Im DRK-Bewegungskindergarten am Schloss wird nicht nur die Motorik der Schützling gefördert, großen Stellenwert nimmt auch das Heranführen an naturwissenschaftliche Phänomene ein. Als „Haus der kleinen Forscher“ wurde die Kita vor einem Jahr zertifiziert – beschritt diesen Weg als erste Einrichtung im Kreis Coesfeld.

Der Drang, die Welt zu erkunden, ist da. Wenn die natürliche Neugierde genug Futter bekommt, kann das die Grundlage für echte Wissenschaftskarrieren legen. Der DRK-Bewegungskindergarten am Schloss gibt diesem Thema breiten Raum und Zeit. Denn das Familienzentrum an der Hiddingseler Straße darf sich „Haus der kleinen Forscher nennen“.
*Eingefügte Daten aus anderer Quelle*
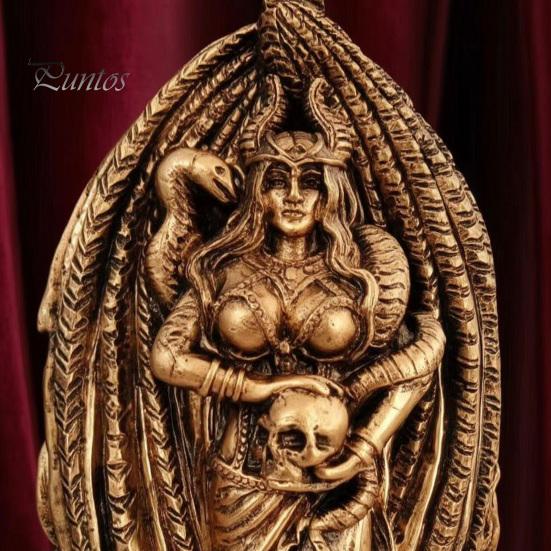 Creative Gift for Friends Retro Goddess Statue, Resin Ornament with Snake Skull, Waterproof Statue Collectable Figurine Indoor Desktop Shelf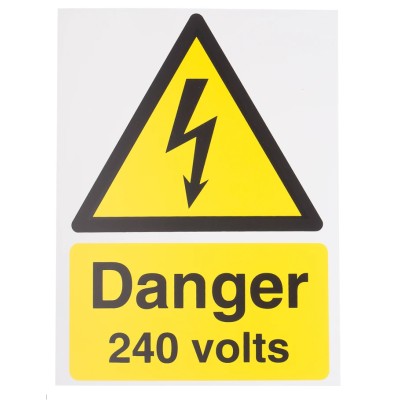 RS PRO Electrical Hazard Warning Sign Danger 240 Volts 200mm x 150mm Plastic Safety Sign 917-5406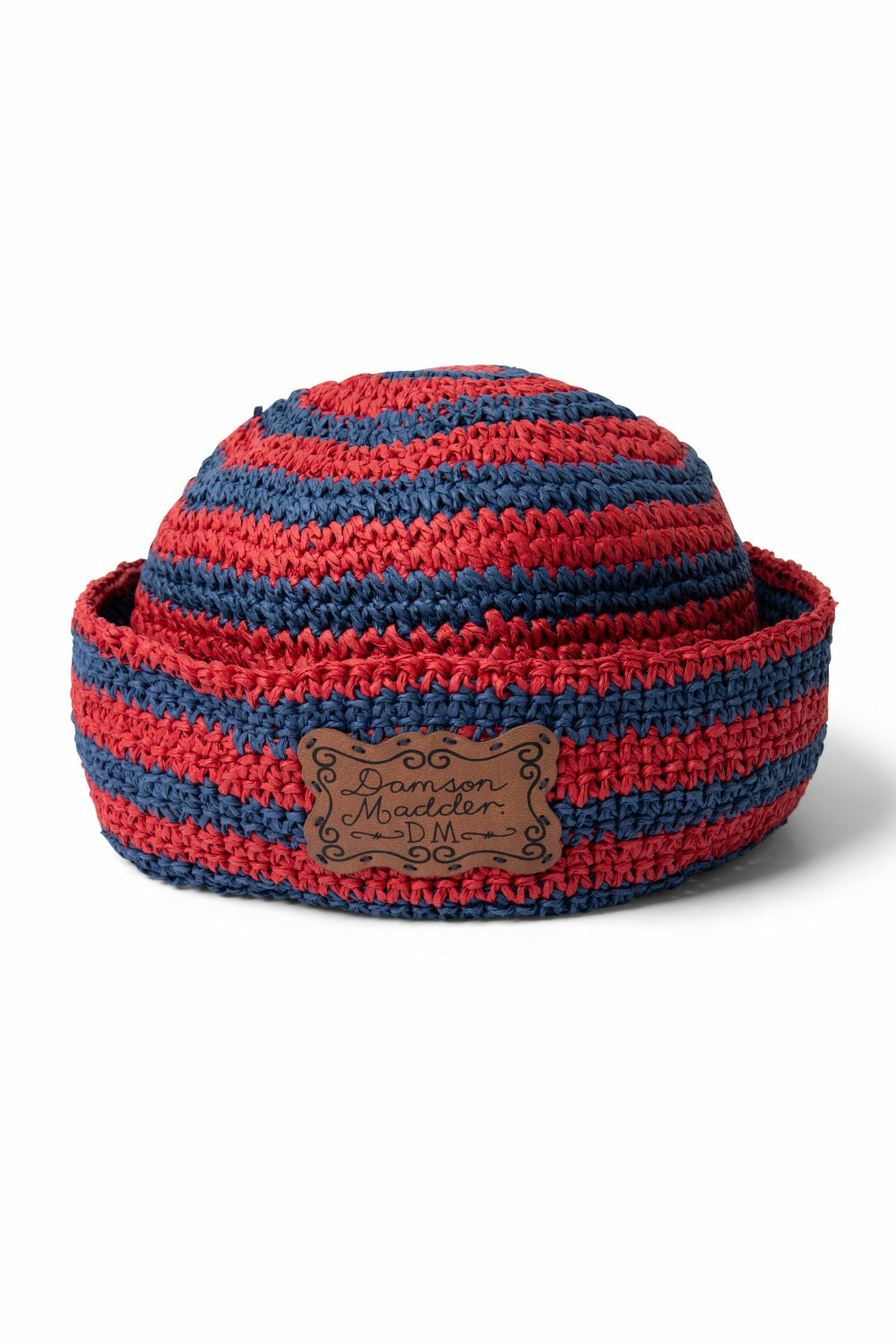 raffia sailor hat - red & navy stripe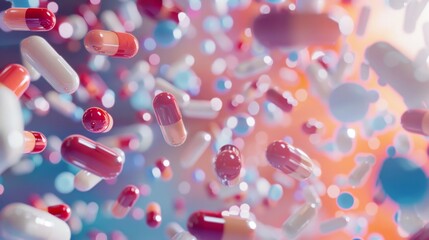 Vibrant Pharmaceutical Capsules in Motion A Stunning Snapshot of Industry Innovation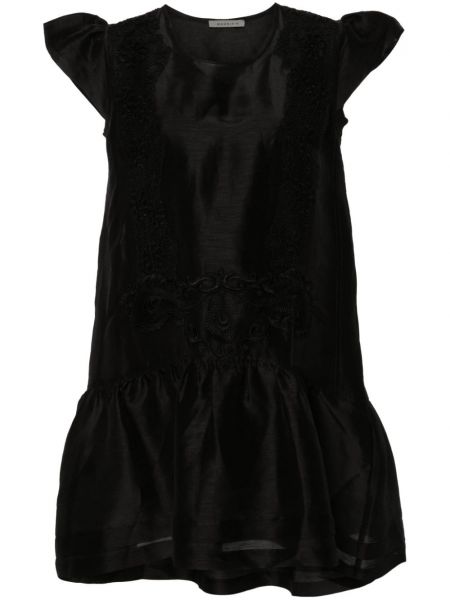 Φουσκωμένο φόρεμα με δαντέλα Maurizio Mykonos μαύρο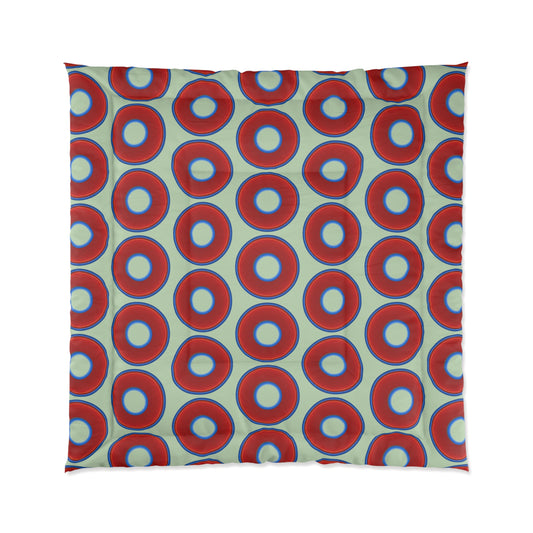 The Very Lumpy Comforter - vivid red donuts w/seafoam background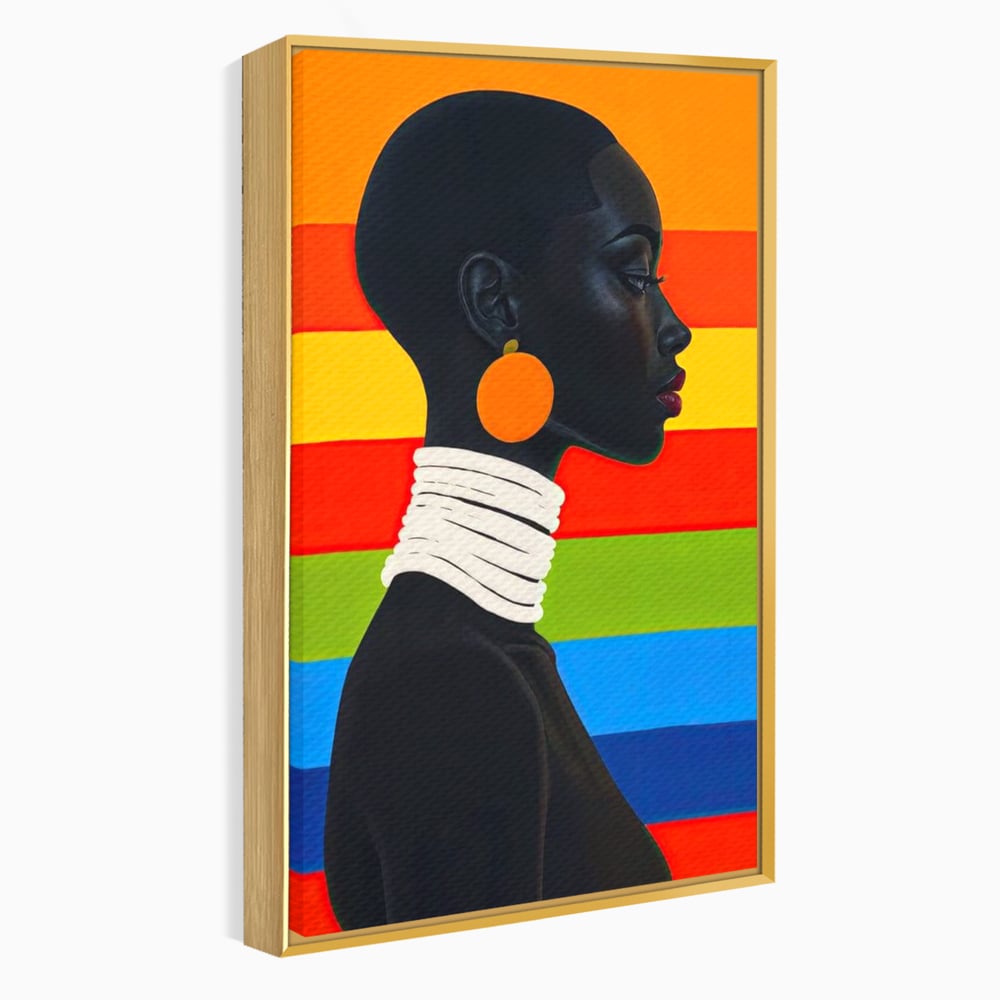 Leinwandbilder Premium, LuxCanva® G1132, Regenbogen Frau, Afro, Modernismus, Eleganz, Schmuck, Regenbogen, stilvoll, Profil, Halskette, Ohrringe, farbig, schön, Büro, Wohnen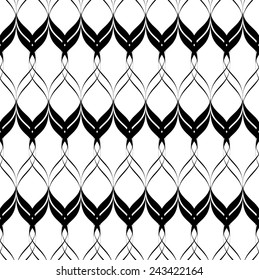 Black and white seamless pattern twist line style, abstract background, vector, illustration.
Vor einem Jahr heimste die DRK-Kita diese Auszeichnung ein – als erste Kindertagesstätte im Kreis wurde sie im Juni 2012 zertifiziert; als zweite Einrichtung in Senden hat sich das Familienzentrum Erlengrund diesem Projekt angeschlossen.

Die Begeisterung der Kinder für naturwissenschaftliche Phänomene wird aufgegriffen und in Bahnen gelenkt, damit durchaus systematische Ergebnisse herauskommen. Sogar bei einem abstrakten Thema wie „Zeit“.

Anschaulich wird die verrinnende Zeit (die durch eine Eieruhr verläuft, deren Granulat und Öffnungen unterschiedlich sind) zum Beispiel beim Kochen. Wie sich Garzeiten auswirken, haben die Kinder schnell entdeckt: Bleibt die Möhre knackig, wurde sie kurz erhitzt, ist sie weich, blieb sie länger im Topf.

Bevor das Ergebnis per Experiment (empirisch) bestätigt wird, stellen die DRK-Schützlinge mit Erzieherin Andrea Kampmann Vermutungen (Hypothesen) auf. Ein Abfolge wie in der „großen“ Wissenschaft.... Und lecker ist der Spaß auch.

„Wir haben selbst auch nicht immer die perfekte Antwort.”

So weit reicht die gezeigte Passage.